▸ Recorded data

* * *

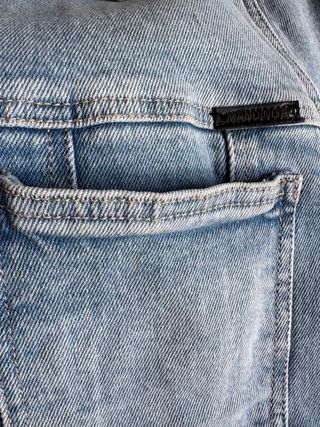 Cazadora vaquera con cuello borreguito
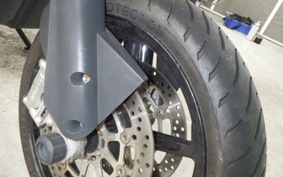 KTM 950 SUPERMOTO 2015
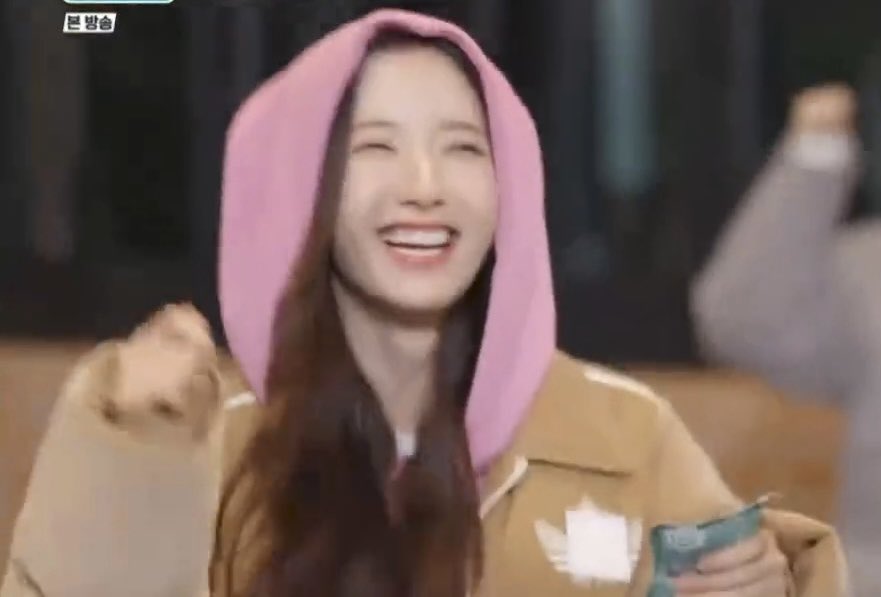 exseolbo's tweet image. bona and her pink hood ;(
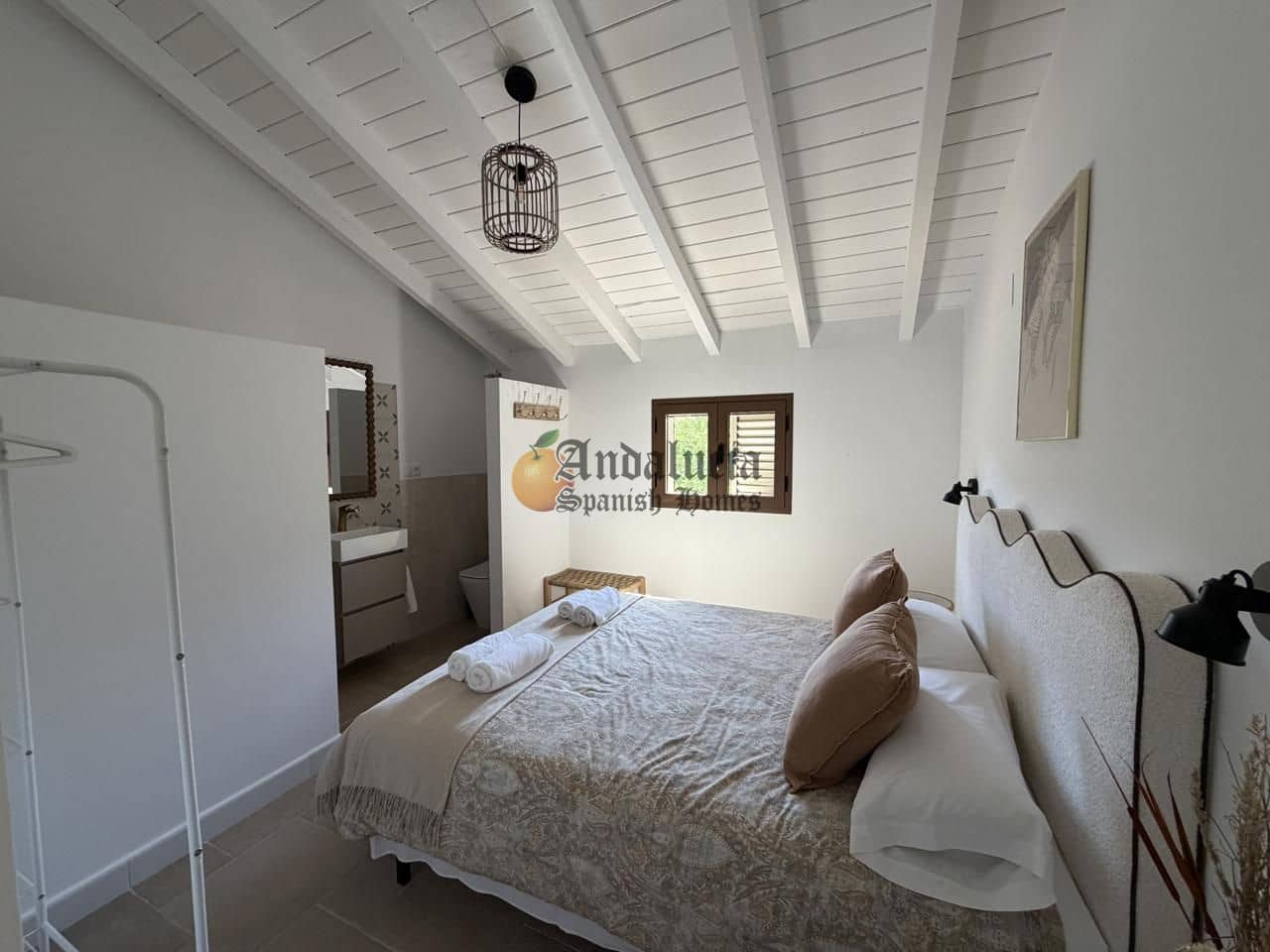 5 bedroom Villa for sale in Montefrio with pool - € 520,000 (Ref: 9869801)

* * *

▸ Exercise prompt
Everything in the listing should be copied exactly, apart from the images it holds.

▸ Result for this task
 Cazadora vaquera con cuello borreguito
 KTM 950 SUPERMOTO 2015
 exseolbo's tweet image. bona and her pink hood ;(
 5 bedroom Villa for sale in Montefrio with pool - € 520,000 (Ref: 9869801)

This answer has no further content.